▶ _Work required_: Beneath this sentence is a listing. Return its lines from the one containing "Entry Way - 26" through the last, exactly, and omit the pictures.

▶ _Supplied data_:
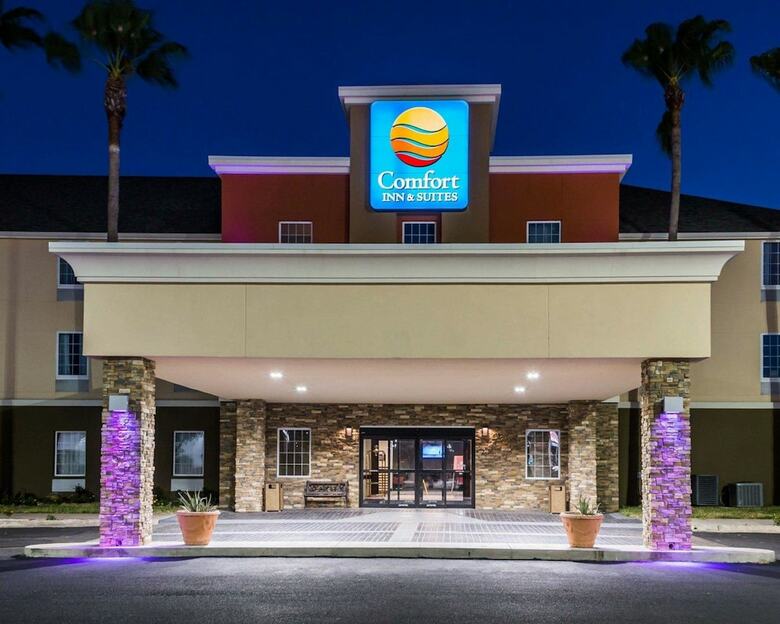 Motel Comfort Inn & Suites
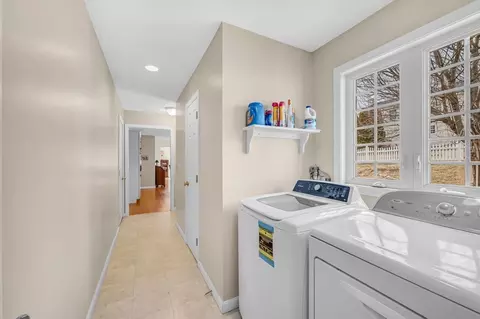 Entry Way - 26 Gates Ave, Springfield, MA 01118 photo 1 of 3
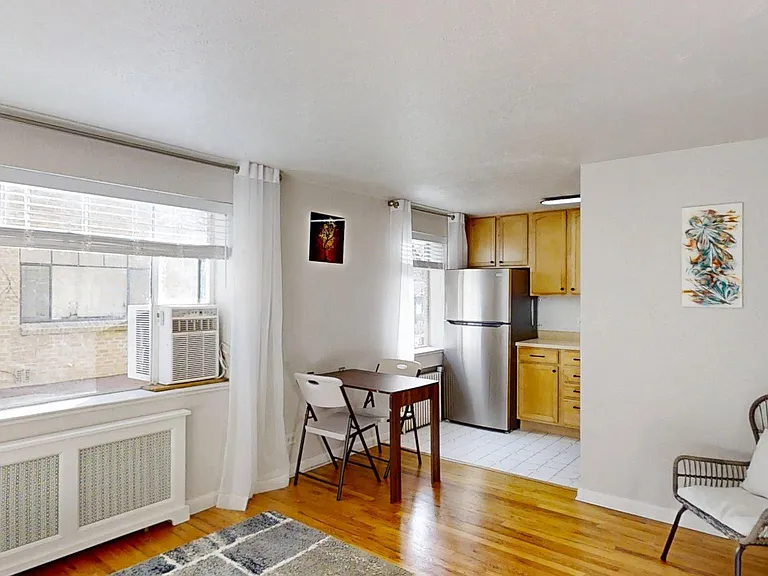 1190 N Clermont St #101 — Photo 6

▶ _Output for this task_:
 Entry Way - 26 Gates Ave, Springfield, MA 01118 photo 1 of 3
 1190 N Clermont St #101 — Photo 6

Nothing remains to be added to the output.